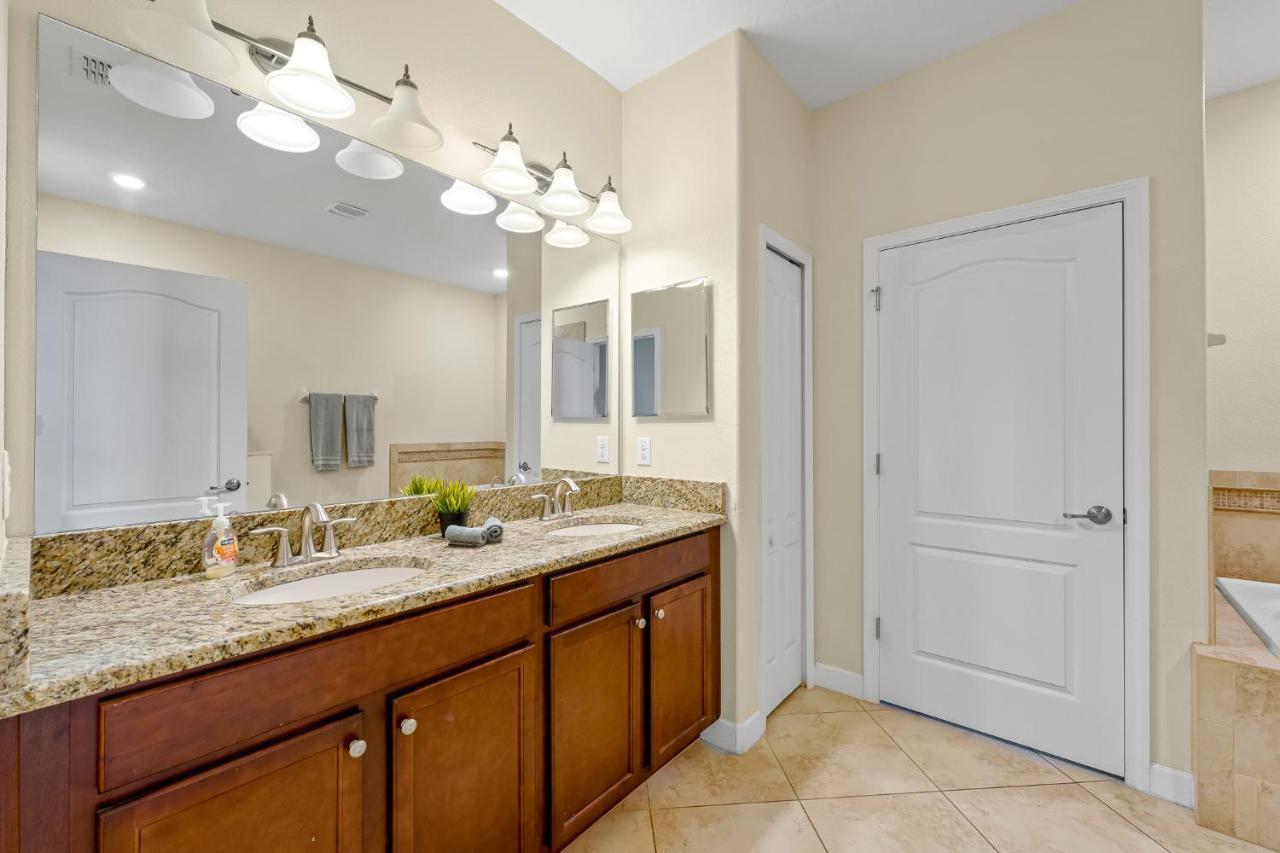 Heated Pool + Free Waterpark + Lazy River + Grill Davenport Exterior photo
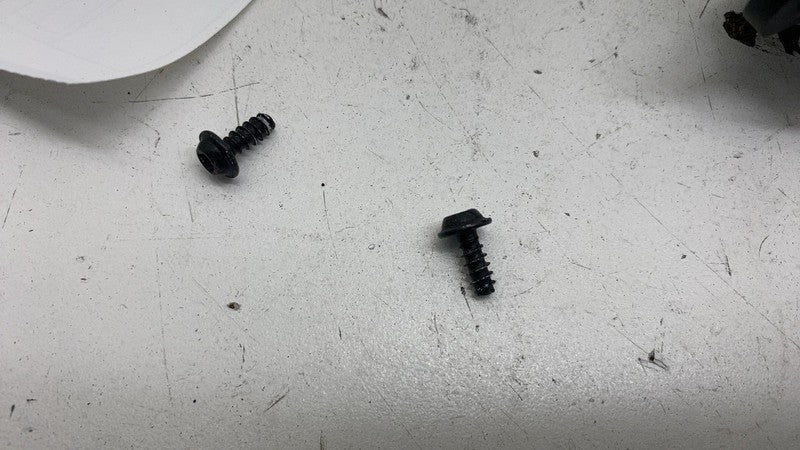 PT00000356L ⭕ 2022-2025 Rivian R1S Frunk Release Control Button Switch OEM PT00000356-L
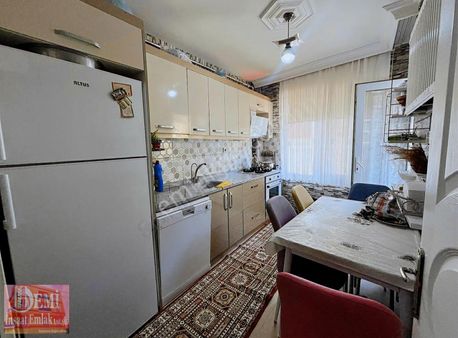 Barbaros Mah.geniş Cadde Üzeri Koşe 3+1 Satılık Daire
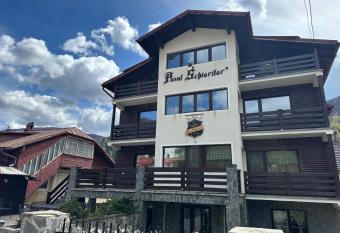 Pasul Schiorilor by Genco has Balcony rooms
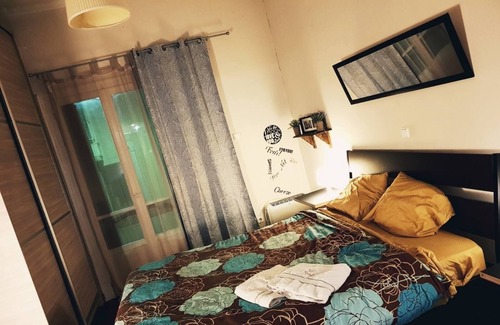 Vyronas Apartment | Lovely small studio apartment in Vironas, Athens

EXERCISE INSTRUCTIONS: Your output must reproduce the material above in full, with no pictures.

ANSWER FOR THIS EXERCISE:
 Heated Pool + Free Waterpark + Lazy River + Grill Davenport Exterior photo
 PT00000356L ⭕ 2022-2025 Rivian R1S Frunk Release Control Button Switch OEM PT00000356-L
 Barbaros Mah.geniş Cadde Üzeri Koşe 3+1 Satılık Daire
 Pasul Schiorilor by Genco has Balcony rooms
 Vyronas Apartment | Lovely small studio apartment in Vironas, Athens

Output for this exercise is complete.